If the Guardian is rebooting your device, a leak is present. Look for these common culprits:

  • Frequent http_request components.
  • Large and complex lambda functions.
  • Parsing large JSON files.
  • Too many components updating too frequently.
  • Excessive DEBUG logging (our Guardian code already helps manage this).

With these tools, you can move from being a victim of memory leaks to being the master of your device’s stability. Happy project building!

13 Likes

Great guide, thank you!

Just a quick question regarding “Part 1: The Observer :man_detective: (Beginner Level)”. If you have multiple devices, how can you distinguish between “name: Your Device Name Heap Free” and “name: Your Device Name Reset Reason” for each device?

You replace ‘Your Device Name’ with the actual name of the device

Okay, but if I want to keep the text like “Your Device Name Reset Reason”, is it possible to use a variable, like in “$DEVICENAME: Reset Reason” or something similar?

Sorry for confusion on naming and I will correct the guide, I just whipped something together to someone who wants to rule out the memory issues in their project. Hope this helps:

ESPHome Sensor Naming

How ESPHome Naming Works

When you define friendly_name in your ESPHome device configuration, it automatically gets prefixed to all sensor names in Home Assistant.

Basic Configuration

text

substitutions:
  name: "esp32-device"
  friendly_name: "Living Room"
  
esphome:
  name: ${name}
  friendly_name: ${friendly_name}

Sensor Naming Rules

:white_check_mark: Correct way:

text

sensor:
  - platform: uptime
    name: "Uptime"
  - platform: wifi_signal  
    name: "WiFi Signal"

Result in Home Assistant: “Living Room Uptime”, “Living Room WiFi Signal”
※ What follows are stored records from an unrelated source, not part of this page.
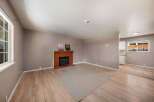 This inviting living space features a cozy brick fireplace, perfect for those chilly evenings.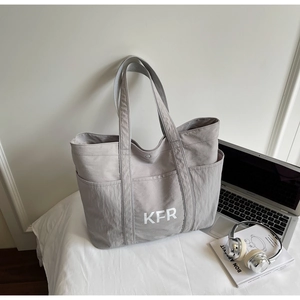 Close-up of a grey canvas tote bag with KFR print and pockets on a white desktop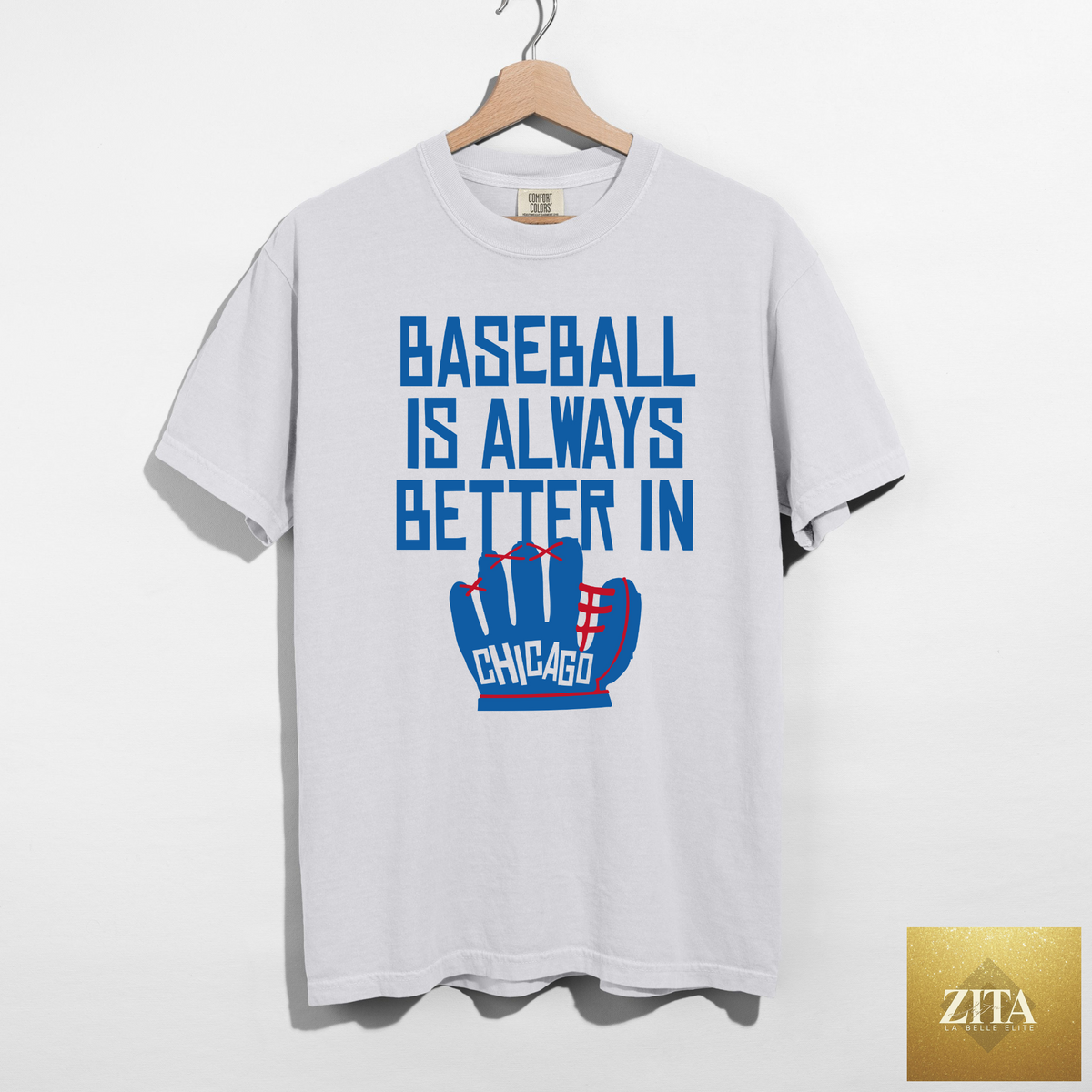 White Zita La Belle Elite baseball tee featuring Chicago-themed "Baseball Is Always Better In Chicago" graphic.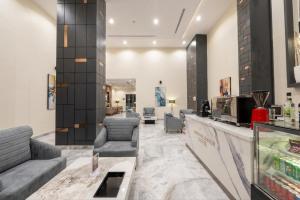 a lobby of a hotel with couches and chairs at Garden Melenium - Jeddah in Jeddah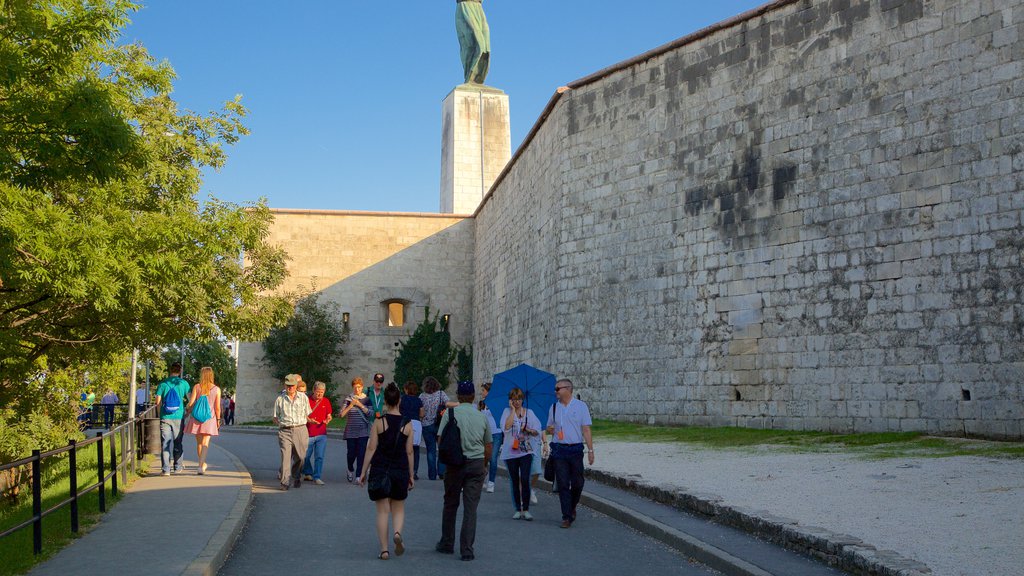 Liberty Statue showing a monument and heritage elements as well as a small group of people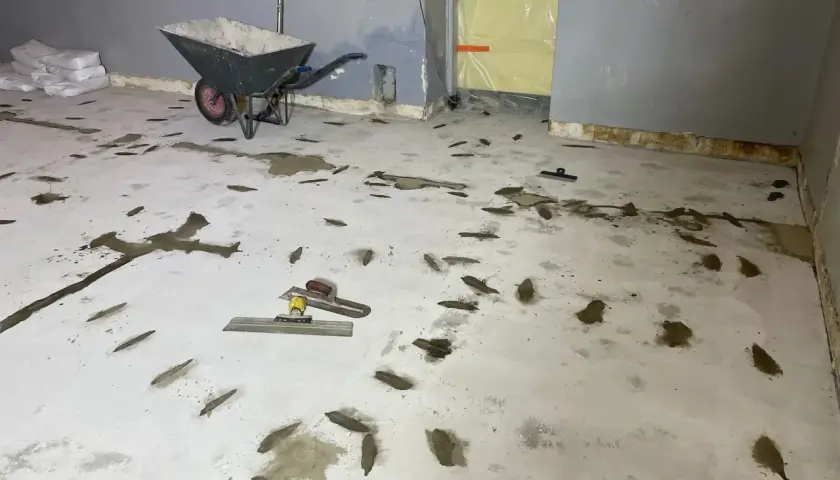 Arbetsplats för att laga betonggolv. Skottkärra, säckar med material och verktyg ligger redo.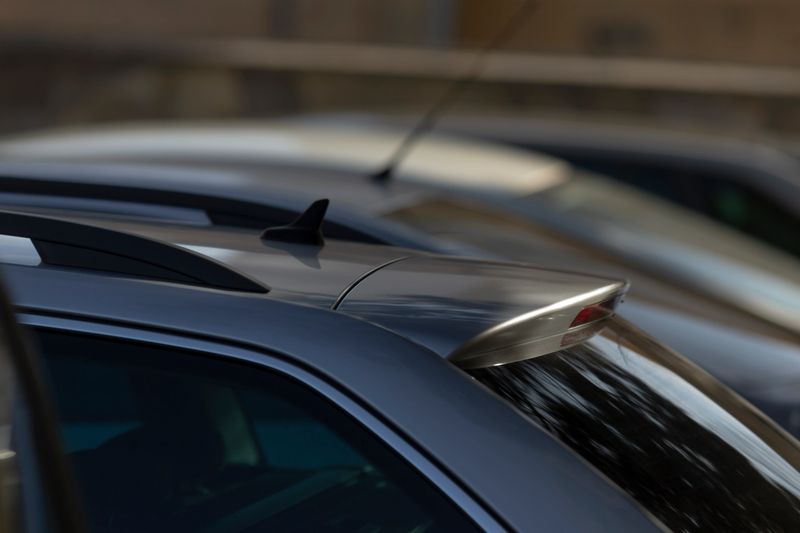 car design details, closeup of car rear styling, closeup highlighting aerodynamic lines and paint texture features, focused shot of modern compact car showing aerodynamic design and urban background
:x: Avoid this (creates duplicates):

text

sensor:
  - platform: uptime
    name: "${friendly_name} Uptime"  # DON'T DO THIS

Result: “Living Room Living Room Uptime”

Key Points

  1. Automatic prefixing: ESPHome automatically adds friendly_name to all entity names
  2. Entity ID vs Display Name:
  • Entity ID: sensor.esp32_device_uptime (based on name)
  • Display Name: “Living Room Uptime” (includes friendly_name)
  1. Don’t manually add prefixes: Let ESPHome handle the prefixing automatically
  2. Keep sensor names simple: Use descriptive but short names like “Temperature”, “Humidity”, “Uptime”

Best Practice Template

text

substitutions:
  name: "device-name"
  friendly_name: "Room Name"

esphome:
  name: ${name}
  friendly_name: ${friendly_name}

sensor:
  - platform: dht
    temperature:
      name: "Temperature"
    humidity:
      name: "Humidity"

This creates clean, consistent naming: “Room Name Temperature”, “Room Name Humidity” in Home Assistant while maintaining proper entity IDs.

3 Likes

Great, now I get how it works. Thanks a lot for the clear explanation!

1 Like

I changed this with: initial_value: $heap_threshold as I don’t want to use “secrets”
Also, put initial_value(s) in quotes to pass validation and changed logger level to DEBUG instead of WARN
Compile and install …success.
Low Memory Counter shows 0,0 checks …normal?

@laptopology, if you have some problems and do not know exactly if you have a problem with memory, I suggest you do first just observe how your memory behaves as in “Part 1: The Observer”. After you see what kind of behaviour your ESPhome device do, you know the initial heap value you need to put to the “guardian”. Guardian is only for advanced cases only, usually you just need to find the thing which makes memory to leak.